Numbering entries in a data file

**aonghas** · August 11th, 2010, 07:26 AM

Hi there,

I'm working on my contact list program and I've got to the point where I can add contacts with name(s), email and phone to a data file (in that order). For example ./addcontact John Baker john@domain.com 0211023090 will add that to a line in my contactlist.dat file with spaces in between the arguments. However I am required to have these contacts numbered. So if I was to add multiple contacts they would be listed like so:

1 John Baker john@domain.com 0211023090
2 Ben Parker ben@domain.com 29347728
3 Mary Beans mary@domain.com 2342342

and so on...

My question is how do I write my program to set the contact number before writing to the file? Later on when I write a program to remove a contact, say contact 2 the data file will have:

1 John Baker john@domain.com 0211023090

3 Mary Beans mary@domain.com 2342342

so when I add a new contact, I want the program to assign the next contact with number 2. Is there a way that I can open and read the contact list line by line searching for a break in the numbering to get a number, otherwise assign the next number after the last contact?

Thanks heaps,
Aonghas

**ahmd** · August 11th, 2010, 02:14 PM

Well, you have a typical fragmentation issue that most database engines (and a file system) has to deal with. My question to you, are you sure that you want to implement all this by yourself? You can probably benefit from using a built in mechanism in any of the database engines available, say, through MFC, in the form of DAO and ODBC database classes.
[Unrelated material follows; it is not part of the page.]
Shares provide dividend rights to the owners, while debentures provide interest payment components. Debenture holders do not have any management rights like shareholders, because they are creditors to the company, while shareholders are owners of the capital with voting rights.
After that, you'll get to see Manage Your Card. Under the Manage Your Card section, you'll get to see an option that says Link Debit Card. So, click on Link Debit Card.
If you still want to do it yourself, one approach would be to parse your file into a List type array in memory, then organize that array according to your specifications and write it back into your text file. Or using that same memory array locate the smallest ID that is missing. All that may require some coding on your part.
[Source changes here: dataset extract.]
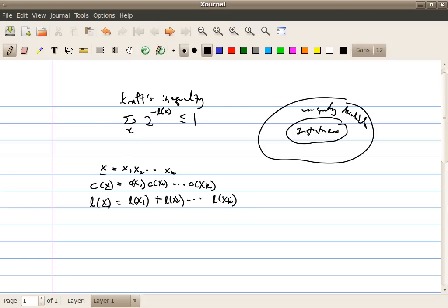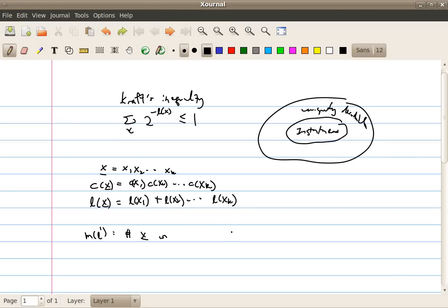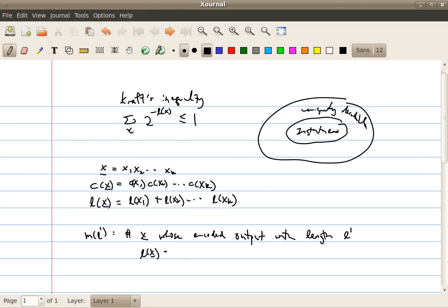We will denote m(l̄) as the number of sequences x-bar with encoder output length equal to l̄. In other words, m(l̄) is the number of x-bar such that l(x-bar) equals l̄.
**aonghas** · August 12th, 2010, 12:48 AM

Thanks for your reply. Okay turns out I don't actually have to have them ordered in the data file by number. I just need to write some code that looks at the numbered list through the whole data file and return the lowest free number. So for the above example, I could have:

1 John Baker john@domain.com 0211023090
3 Mary Beans mary@domain.com 2342342

and then when I add another contact, it would be assigned number 2 but could just be added to the bottom:

1 John Baker john@domain.com 0211023090
3 Mary Beans mary@domain.com 2342342
2 Ben Parker ben@domain.com 29347728

Does this make sense? I can generate numbers okay, but I don't know how to look for the lowest free number by searching through the list of numbers already in the data file?

Thanks heaps
Aonghas

**GNiewerth** · August 12th, 2010, 02:21 AM

1) Does it make sense to store all your data in memory and occasionally save the whole data? You could perform all changes in RAM and don´t have to bother with fragmentation or holes.
2) Is it necessary to have consecutive numbers or are unique numbers sufficient? It´s easy to determine a new contact´s ID when holes are allowed.
3) Are you bound to a text file? SQLite is a small footprint dbms that compiles into your program, so you don´t need an external DB server.

**aonghas** · August 12th, 2010, 04:11 AM

Hi there GNiewerth

Thanks for your reply. In reply to your questions:

1) I'm not sure what the best/most efficient method would be. I've heard of something possibly like reading the whole .dat file into RAM and then performing all the actions and then writing them back to the file, but I don't know how to go about this. Is this where vectors comes into play?

2) I think the project asks us to fill in the missing numbers after they are removed from the database. So if there are 5 contacts and contacts 2 and 3 are removed, the file would be left with 1,4,5. The next new contact that's added would be 2, then 3, then 6 etc.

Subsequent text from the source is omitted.